Lftf: A Framework for Efficient Tensor Analytics at Scale
Fan Yang,Fanhua Shang,Yuzhen Huang,James Cheng,Jinfeng Li,Yunjian Zhao,Ruihao Zhao
DOI: https://doi.org/10.14778/3067421.3067424
IF: 2.5
2017-01-01
Proceedings of the VLDB Endowment
Abstract:Tensors are higher order generalizations of matrices to model multi-aspect data, e.g., a set of purchase records with the schema (user_id, product_id, timestamp, feedback). Tensor factorization is a powerful technique for generating a model from a tensor, just like matrix factorization generates a model from a matrix, but with higher accuracy and richer information as more attributes are available in a higher- order tensor than a matrix. The data model obtained by tensor factorization can be used for classification, recommendation, anomaly detection, and so on. Though having a broad range of applications, tensor factorization has not been popularly applied compared with matrix factorization that has been widely used in recommender systems, mainly due to the high computational cost and poor scalability of existing tensor factorization methods.
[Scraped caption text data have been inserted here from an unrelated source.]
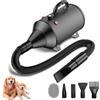 Blanlody Soffiatore per Cani Blower Molto Silenzioso, 5,2 CV/3800 W, velocità Regolabile, Ventilatore per la Cura del Cane con 4 Diversi ugelli, Tubo Elastico e Spazzola per la Cura (Nero)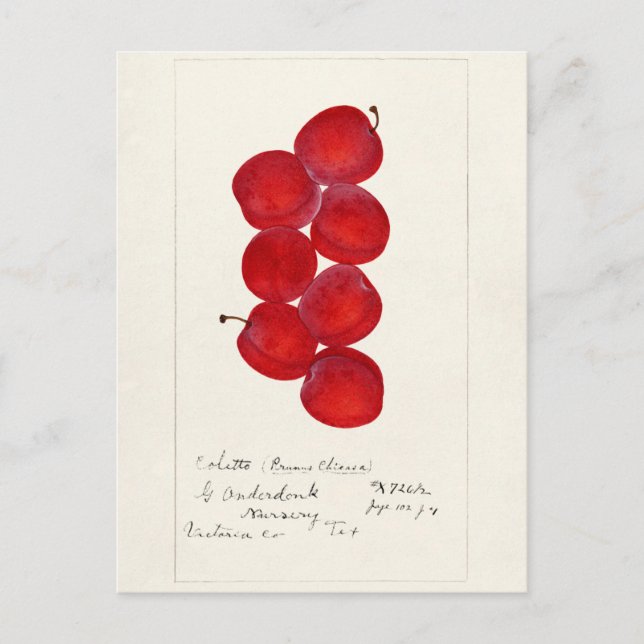 Pflaumen (Prunus Domestica) Fruchtfarben Postkarte (Vorderseite)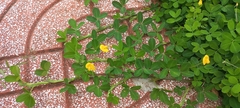 Arachis pintoi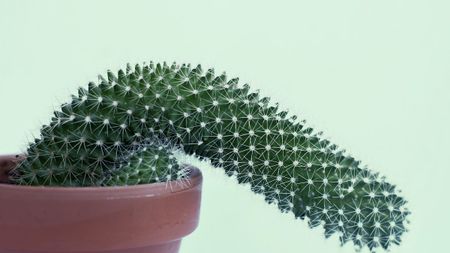 Image of: Covid-19 Is a True Boner-Killer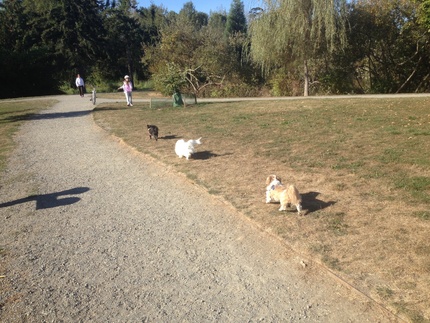 A day at a dog park.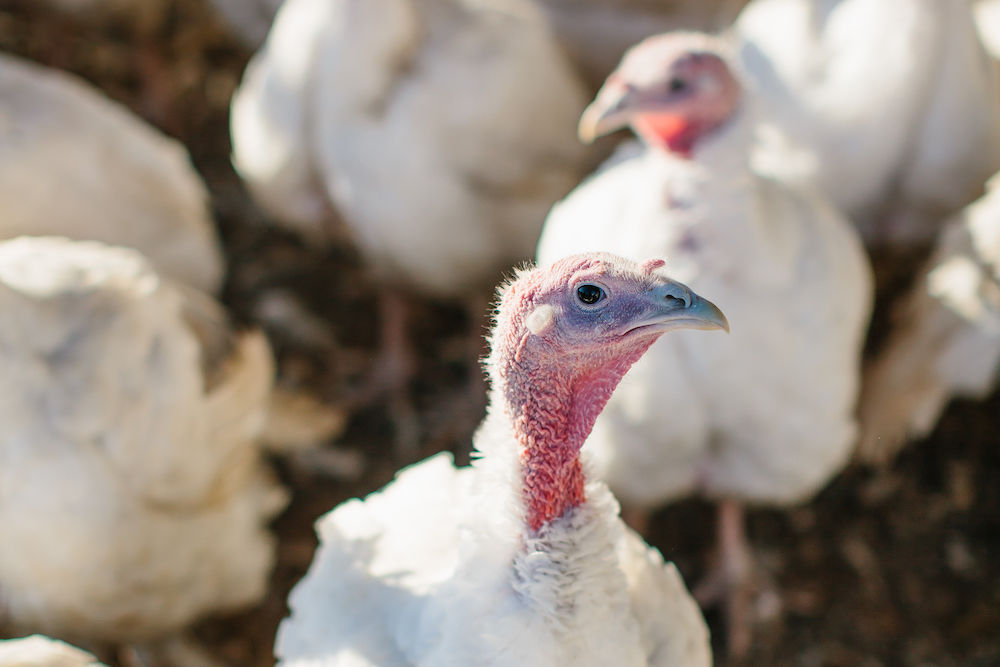 Know Thy Poultry Portland Monthly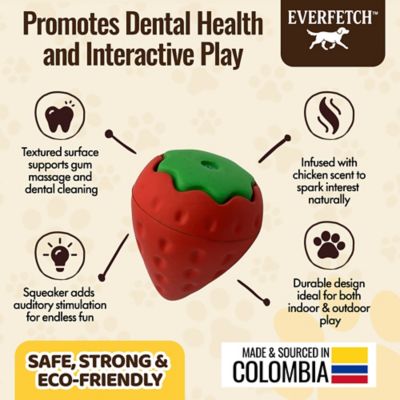 Image showing  Natural Rubber Red/Green Squeaky Interactive Strawberry Chicken Scented Durable Dog Toy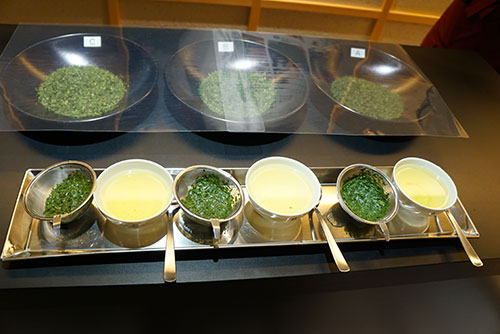 西条園わくわくミュージアムでの利き茶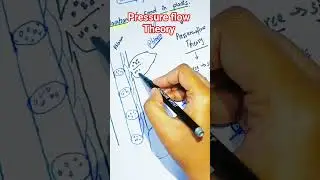 Translocation of food in plants | pressure flow Theory| 9th new book 2025 #plantphysiology #biology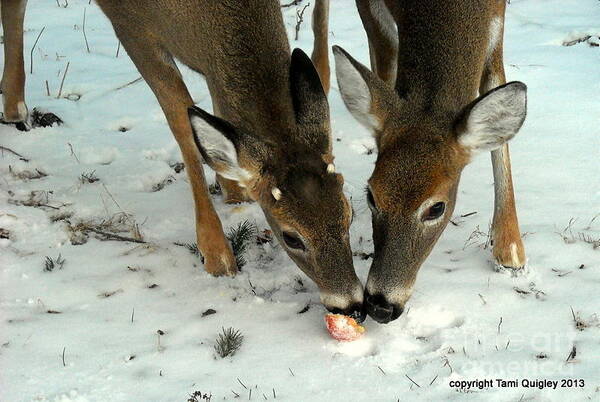 Deer Art Print featuring the photograph Sharing The Snowy Apple by Tami Quigley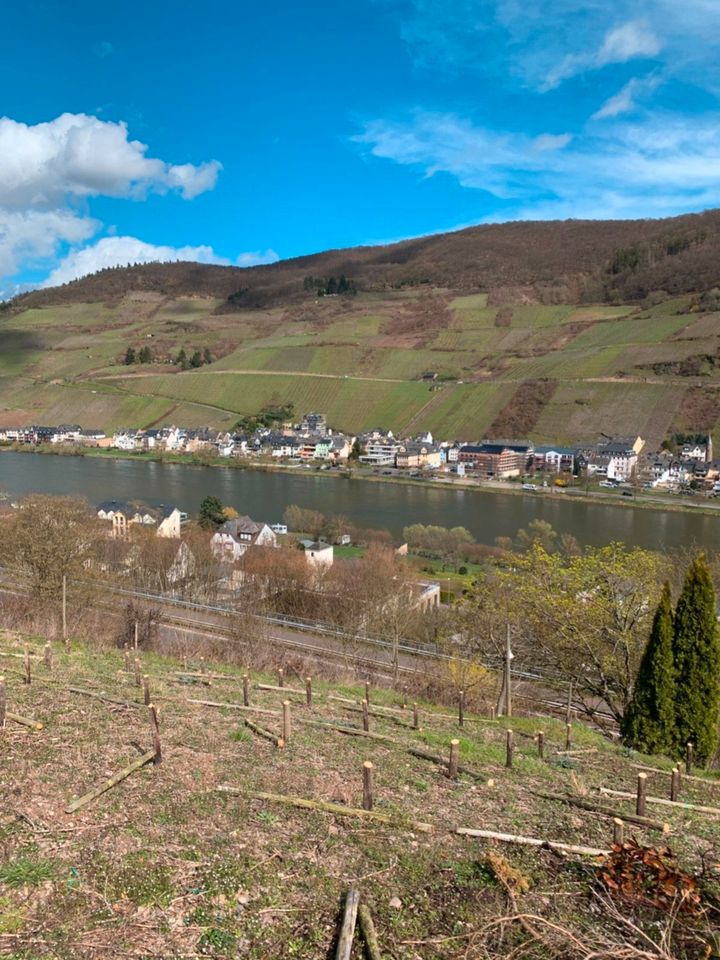 Stellplatz für Campingwagen / Tiny Haus auf Räder Mosel Blick in Zell (Mosel)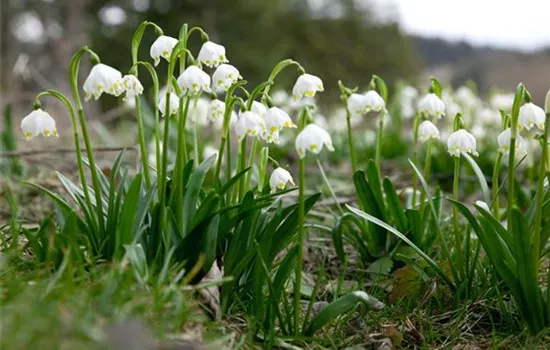 Frühlings-Knotenblume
Efficient and scalable tensor factorization is particularly challenging because real world tensor data are mostly sparse and massive. In this paper, we propose a novel distributed algorithm, called Lock-Free Tensor Factorization (LFTF), which significantly improves the efficiency and scalability of distributed tensor factorization by exploiting asynchronous execution in a re-formulated problem. Our experiments show that LFTF achieves much higher CPU and network throughput than existing methods, converges at least 17 times faster and scales to much larger datasets.